LCS counts same-side pairs Both adjacent suffixes from A. Only count when the two suffixes are on opposite sides of the separator.
Separator appears in input # collides with real characters. Use a separator (e.g. \x01) guaranteed absent, smaller than all real chars.
Distinct count overflows 32-bit n(n+1)/2 exceeds int. Use 64-bit for the total and the sum.

Performance Analysis

n Naive O(n² log n) Doubling O(n log² n) Radix doubling O(n log n) SA-IS O(n)
10³ ~10⁷ (ok) ~10⁵ ~10⁴ ~10³
10⁵ ~10¹¹ (too slow) ~3·10⁷ ~1.7·10⁶ ~10⁵
10⁶ infeasible ~4·10⁸ (slow) ~2·10⁷ ~10⁶
10⁷ infeasible infeasible-ish ~2.4·10⁸ (seconds) ~10⁷ (fast)

The radix-sort prefix doubling at O(n log n) handles n up to a few million comfortably. Beyond that, or in latency-critical production indexing, switch to SA-IS (senior.md). Kasai's LCP is always O(n) and never the bottleneck.

import time, random

def benchmark(n, build):
    s = "".join(random.choice("ab") for _ in range(n))  # small alphabet = stress
    t = time.perf_counter()
    build(s)
    return time.perf_counter() - t

# Small alphabets (DNA-like) are the hard case: many long equal prefixes,
# so doubling needs the full log n rounds before ranks become distinct.

A small alphabet (2–4 symbols) is the worst case for prefix doubling because suffixes share long prefixes, forcing the maximum number of doubling rounds.


Best Practices

  • Use radix sort in the doubling rounds to get O(n log n); the keys are bounded integers, perfect for counting sort.
  • Always build the inverse rank array right after SA; Kasai and most queries need it.
  • Append or avoid a sentinel consistently — decide once and document.
  • Validate against the naive oracle on random small strings (both SA and LCP) before trusting large runs.
  • For LCS, pick a separator absent from both inputs and remember to skip same-side adjacent pairs.
  • Stop doubling early when rank[SA[n-1]] == n-1; it often saves rounds on inputs with many distinct characters.

Visual Animation

See animation.html for an interactive view.

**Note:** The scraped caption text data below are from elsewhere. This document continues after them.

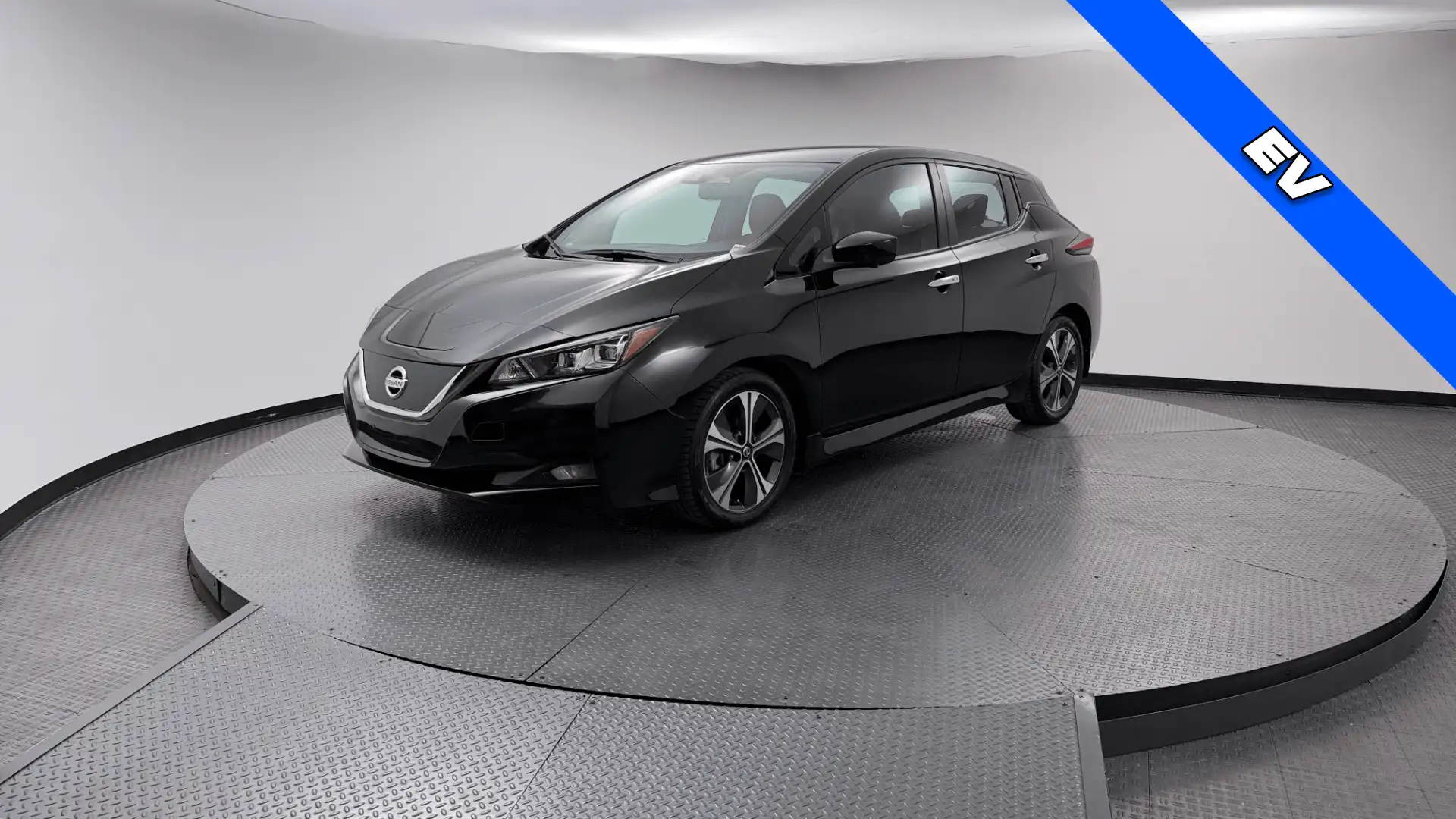 2020 Nissan Leaf SV's photo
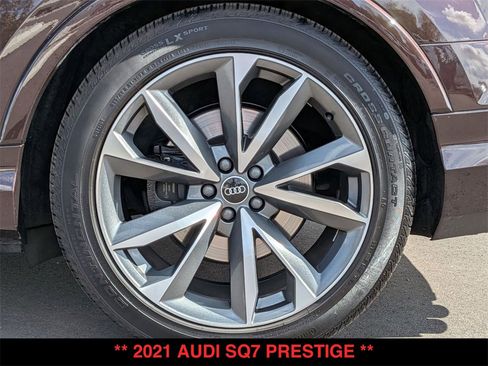Used 2021 Audi SQ7 Prestige w/ Prestige Package image 32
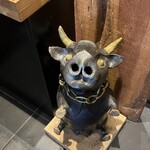 洋食 おがた - レジ横の牛の置き物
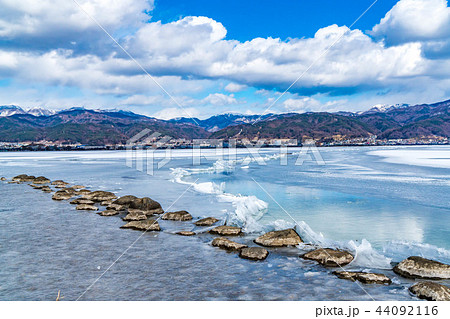 諏訪湖　御神渡り 44092116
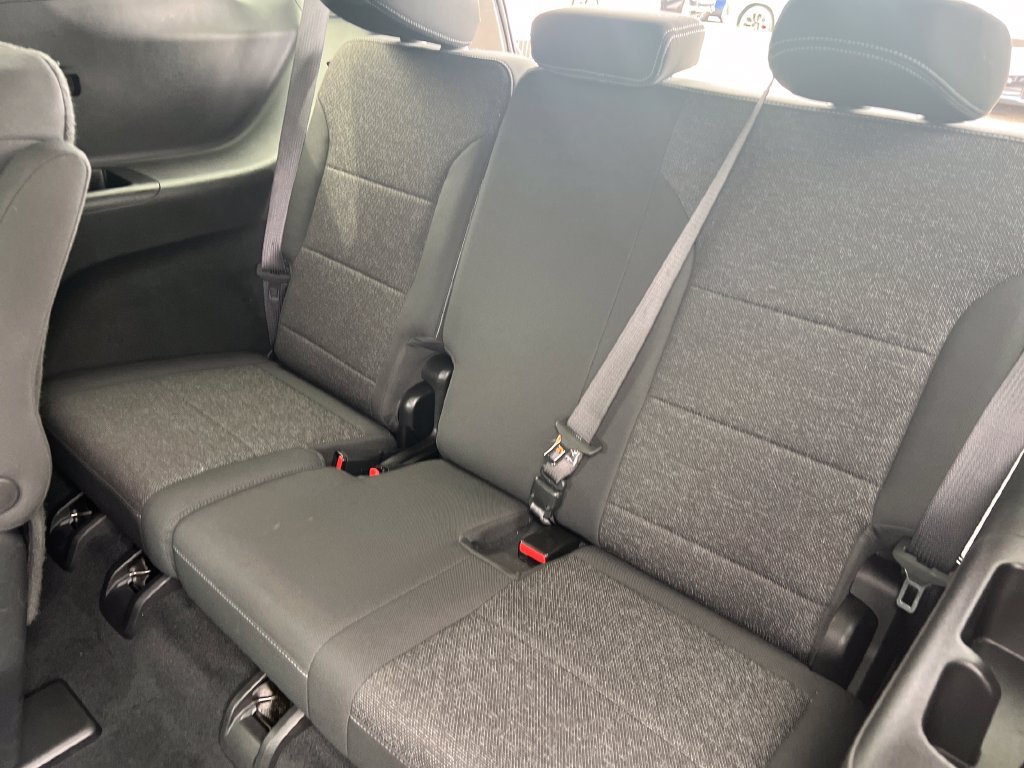 Used 2025 Gray Chevrolet LT image 26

The middle-level animation highlights: - The rank pairs (rank[i], rank[i+k]) driving each doubling round. - The radix/sort step that refines the order as k doubles 1 → 2 → 4 → …. - The final suffix array and the Kasai LCP array, plus the distinct-substring count n(n+1)/2 − Σ LCP.


Summary

The O(n log n) suffix array is prefix doubling with the comparison sort replaced by a two-pass radix/counting sort on rank pairs (rank[i], rank[i+k]): each round refines the order from "first k characters" to "first 2k", reusing the previous ranks, and O(log n) rounds of O(n) sorting give O(n log n). Kasai's algorithm then builds the LCP array in O(n) because the running overlap h drops by at most 1 as the starting position advances. From SA + LCP you get: pattern search in O(m log n) via two binary searches that bracket the contiguous occurrence range; distinct substrings as n(n+1)/2 − Σ LCP; the longest repeated substring as max(LCP); and the longest common substring of two strings by concatenating A # B, building SA+LCP, and taking the max LCP over adjacent suffixes from different sides. The suffix array trades the suffix tree's O(m) search and the automaton's online construction for far smaller memory and far better cache behaviour — usually the right call for static full-text indexing.